Smart speakers such as Amazon Echo, Alexa and Google Home have become an integral part of our living rooms. They offer a conversational voice interface to transform the way we manage our daily routines and control our homes. The smart speakers technology, so far customary to our living rooms can now be programmed to assist physicians in hospital operating rooms. A recent presentation at the Society of Interventional Radiology’s 2019 Annual Scientific Meeting demonstrated how Amazon Echo and Google Home can aid physicians during medical treatments at hospitals.

Dr. Kevin Seals, a fellow in Interventional Radiology (IR) at the University of California, San Francisco (UCSF) and one of the lead authors of this research says that, “When you’re in the middle of a procedure, you need to remain sterile, so you lose the ability to use a computer”. The smart speakers technology doesn’t require Radiologists to break the sterile scrub, as they offer a conversational voice interface that allows doctors to ask questions and retrieve information related to their patient treatments, more quickly and conveniently.

In the demo, the researchers from UCSF developed a device-sizing application for Google Home smart speaker that can process questions from a human voice and suggest recommendations related to the accurate sizing of medical devices. For instance, if an IR wants to know the sheath size to be used for implanting a stent in a patient’s blood vessel, the smart speaker can instantly and precisely communicate the correct size based on the specific conditions (as narrated by the IR), which helps the physician in making a final decision. With hundreds of new devices being introduced every day, it is difficult to determine the correct sizing or materials needed in every case. Customizing the smart speakers technology to address this scenario will allow physicians to focus more closely on the care of their patients and minimizes their time and energy spent on material selection or other device technicalities.

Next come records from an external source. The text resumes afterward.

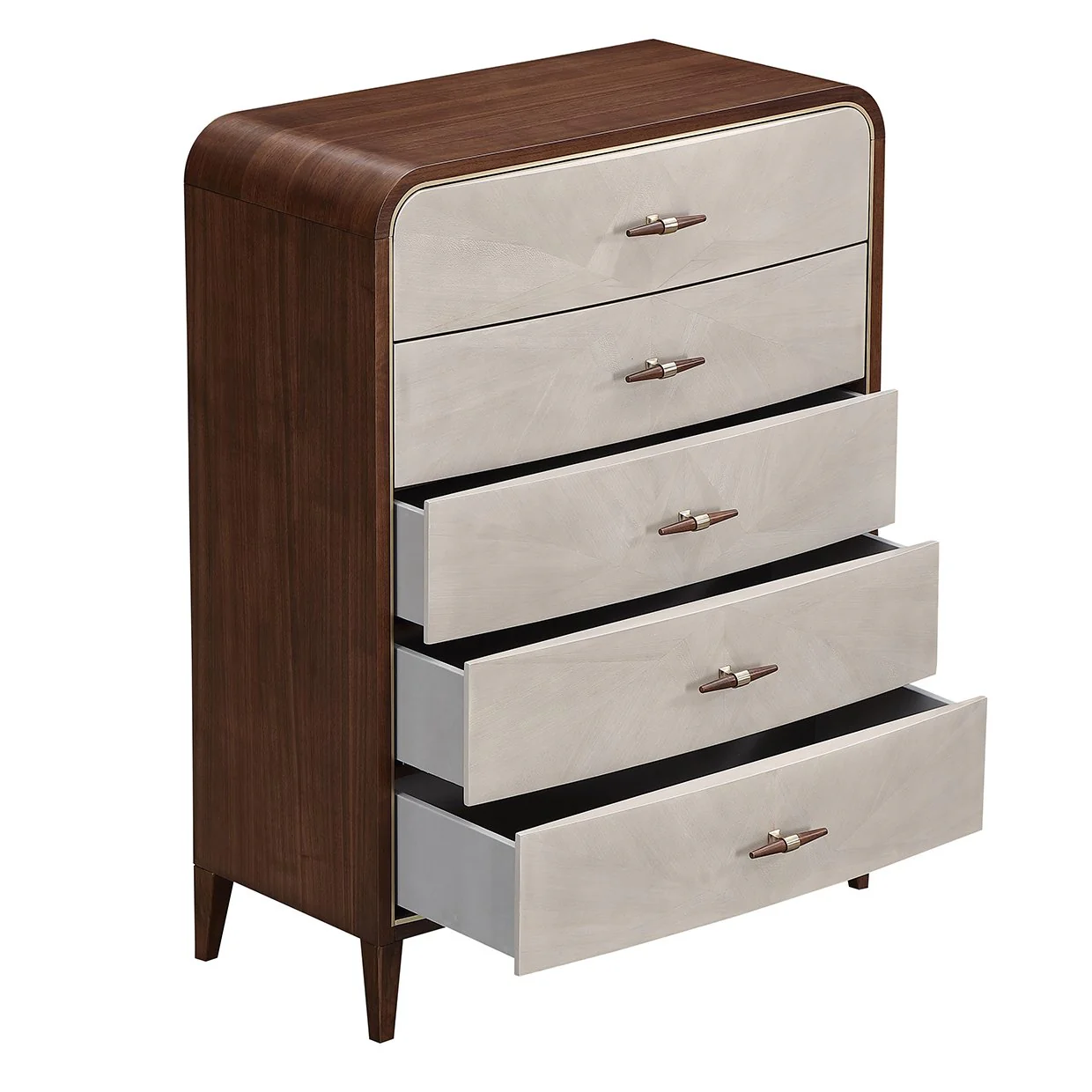 Houston 5-Drawer Chest - Walnut - Image 3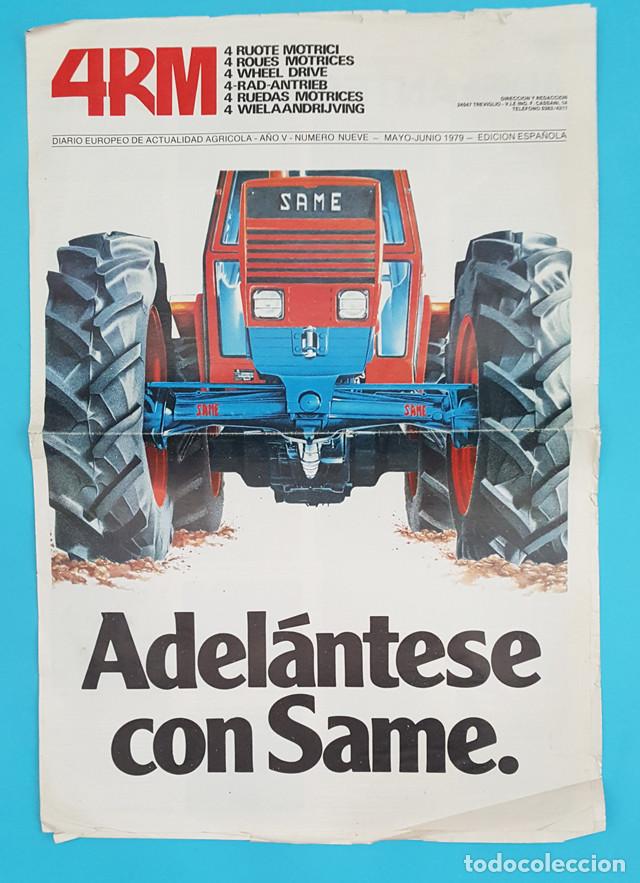Werbekataloge: PUBLICIDAD FORMATO PERIODICO GRAN FORMATO 49 X 33 CM TRACTORES SAME 1979 8 PAGINAS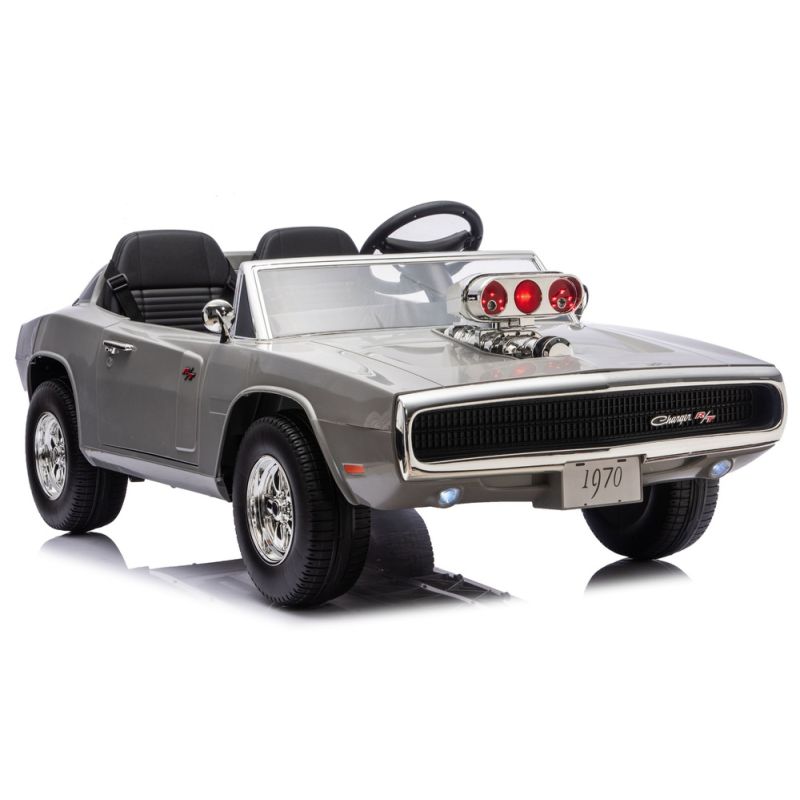 Coche Eléctrico Dodge Charger R/T DLS-K12 Color Gris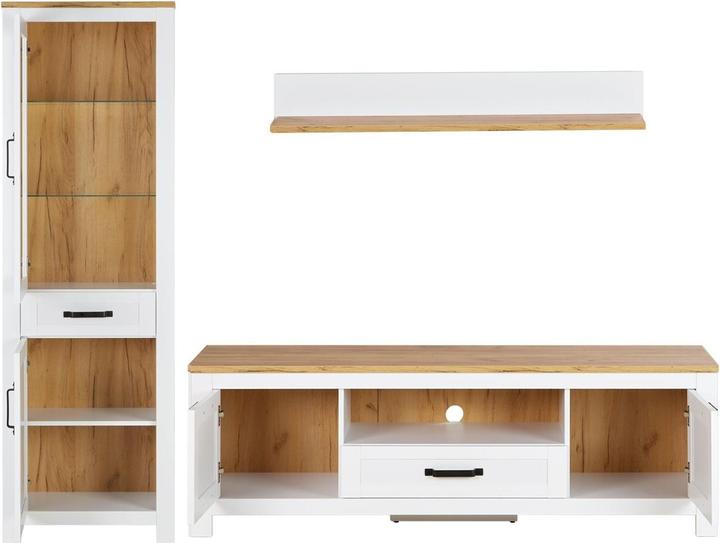 Produktbild Homestyle4u Wohnwand Anbauwand Landhaus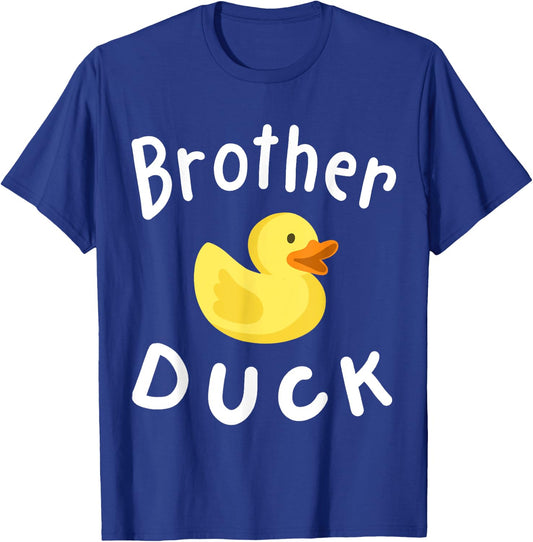 Brother Duck Birthday Rubber Duck Lover Family Matching Boys T-Shirt - T-Shirt | Royal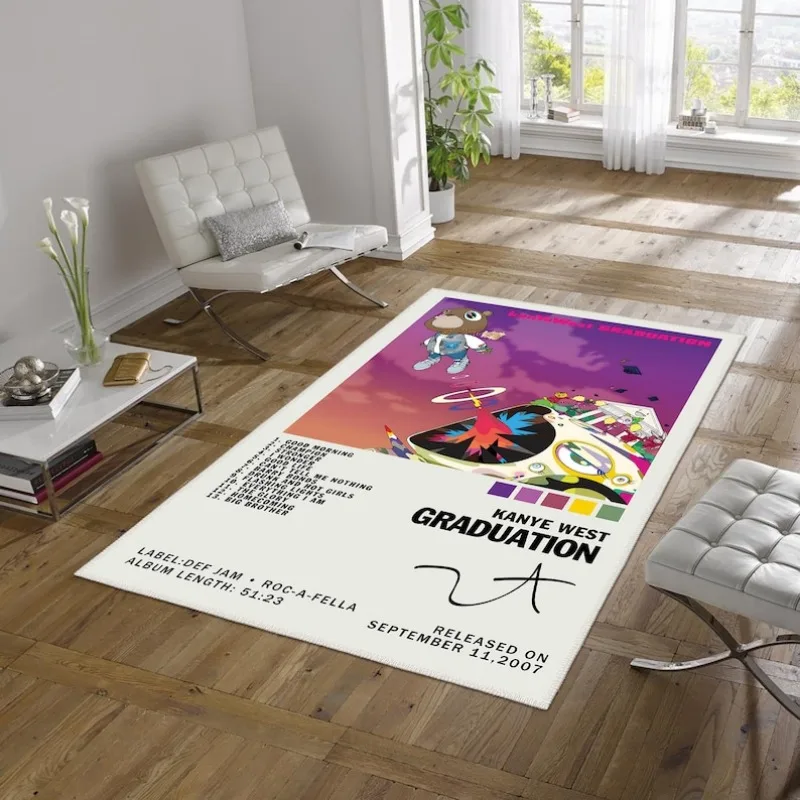 Graduation Album Cover Carpet for Living Room Bedroom Home Decor Rugs Indoor Rug Non Slip Washable Personalized Modern Floor Mat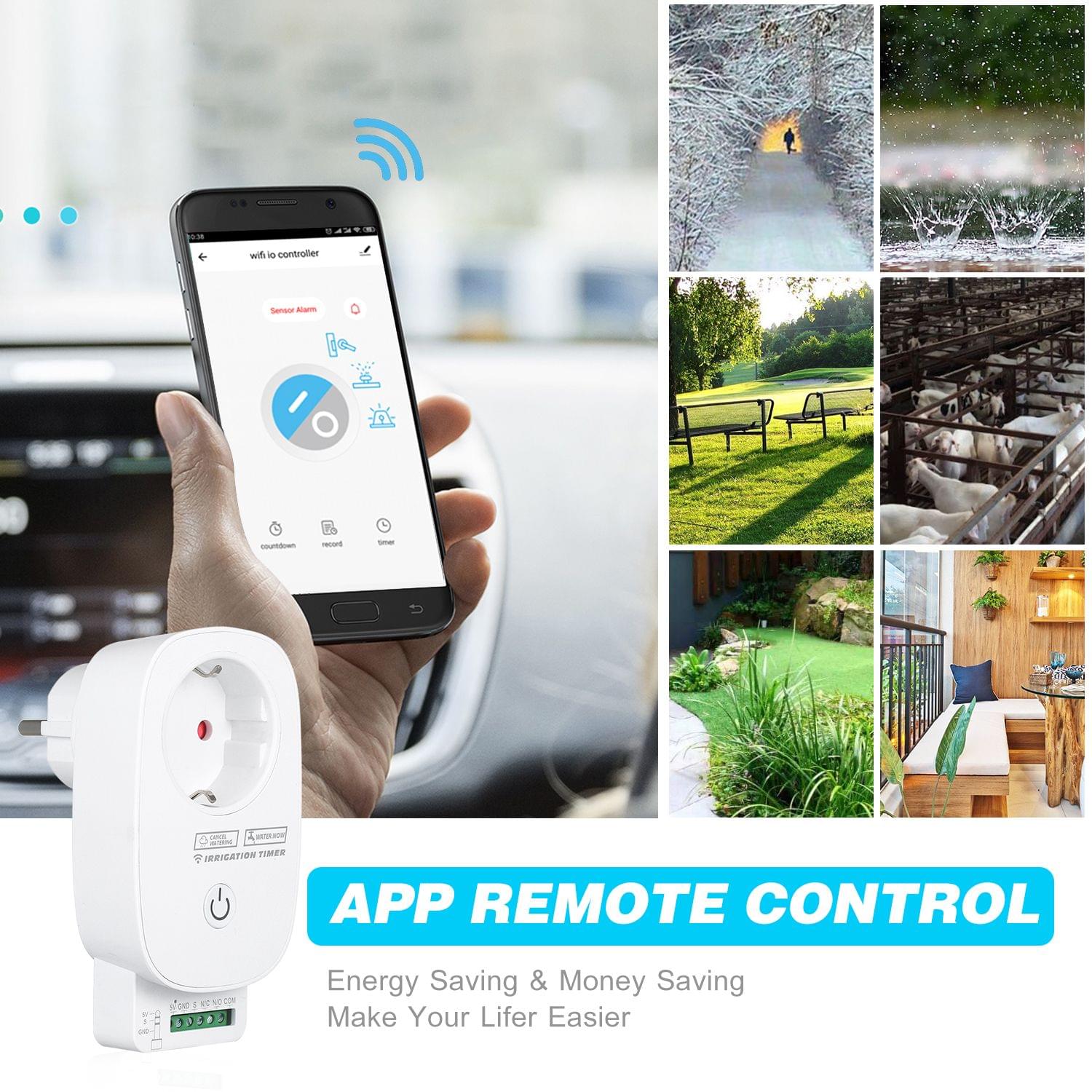 WiFi Control Garden Irrigation System Sprinkler System - EU Plug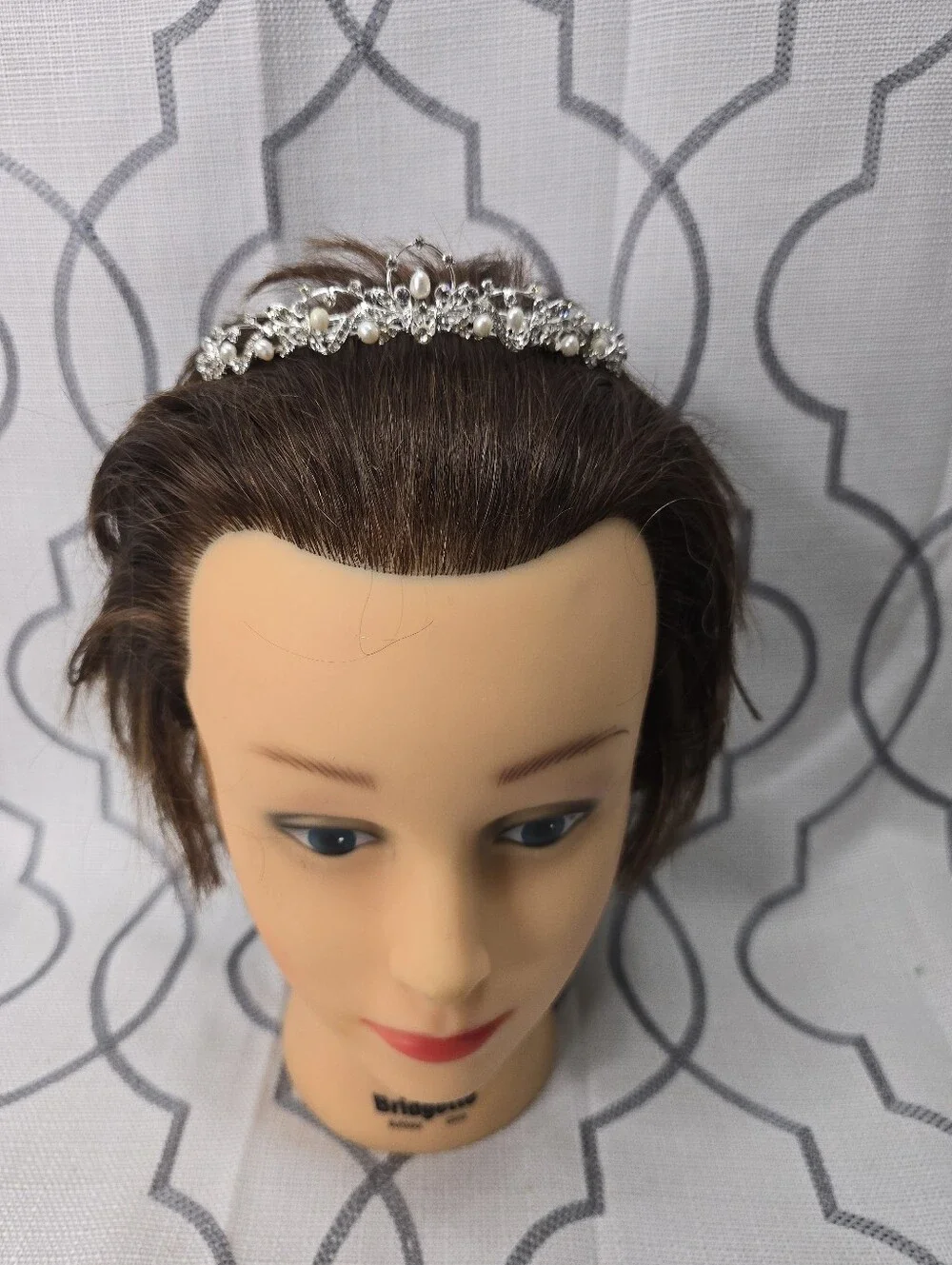 David's Bridal Headpiece Collection Pearls and Rhinestones Silver Comb Vintage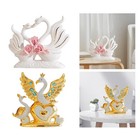 Swan Figurines Animal Ornament Ceramic for Party Birthday Desktop Decor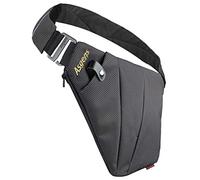 Asgens CCW Crossbody Sling Bag Multi-Purpose Anti-Thief Conceal Carry Bag for Men and Women Range, Travel, Outdoor, Black/for Right Hand, L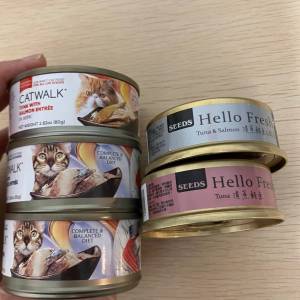 全新貓罐頭貓糧 貓濕包 貓零食 全走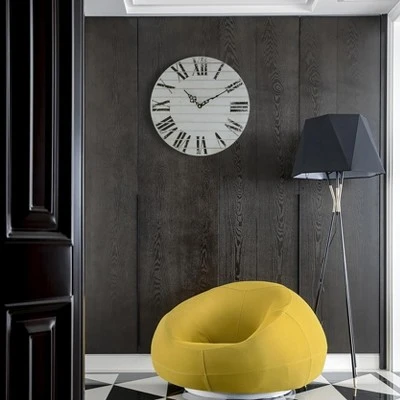 unnamed-file-2205.jpg Quickway Imports Roman Numeral Style Modern Home Decor Wall Clock Unique Handle Design For Living Room, Kitchen, or Dining Room Wooden White -Glas24 Shop unnamed file 2205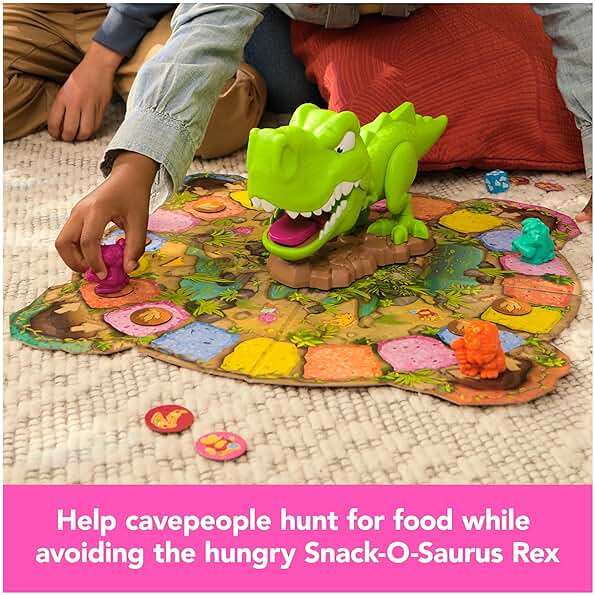 Spin Master Games, Snack-O-Saurus Rex, Interactive Dinosaur Toy for Kids, Board Games for Family Night, 2-4 Players, for Ages 5 & Up - Image 4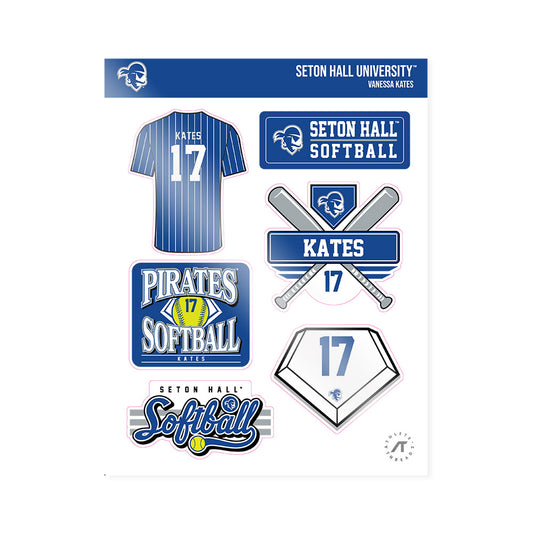 Seton Hall - NCAA Softball : Vanessa Kates - Sticker Sheet-0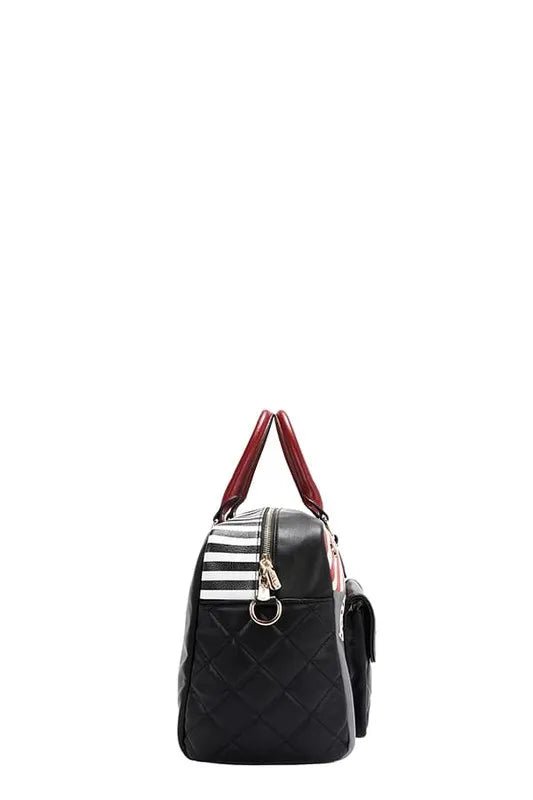 Nicole Lee USA Eco - Leather Boston Bag - Bela Fils BoutiqueBela Fils Boutique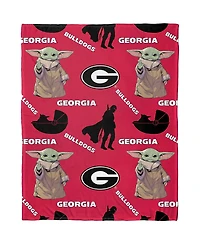 Northwest X Disney Georgia Bulldogs Yoda Hugger Pillow and Silk Touch Throw Set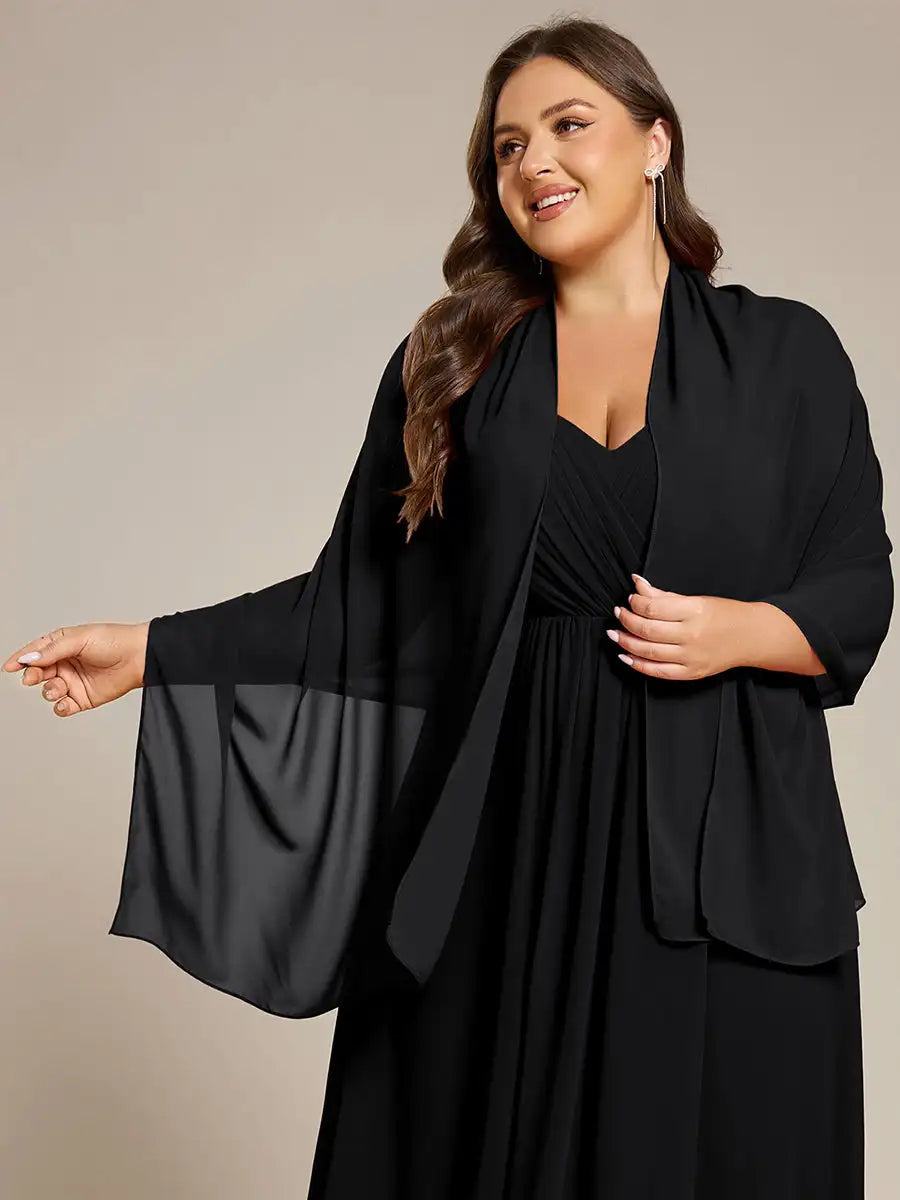 Elegant Chiffon Shawl Wedding Wrap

The literature review of around 475 Interventional Radiology devices was considered while developing the application to understand more about device size specifications. Dialogflow, a Google-owned development suite for creating conversational interfaces was used to implement Natural Language Processing capabilities into the application. Dialogflow helped in extracting the required information based on the input query. A Python script deployed to the cloud was used to perform logic operations and other data processing.

The researchers from UCSF have plans to develop this technology further and expand its scope to include details like material costs and inventory databases. Ready availability of these information will make treatments more efficient, cost-effective and beneficial to patients. Besides, the research aims to support physicians by gathering valuable data from electronic health records or patient clinical data such as allergies, treatment histories, or prior surgeries.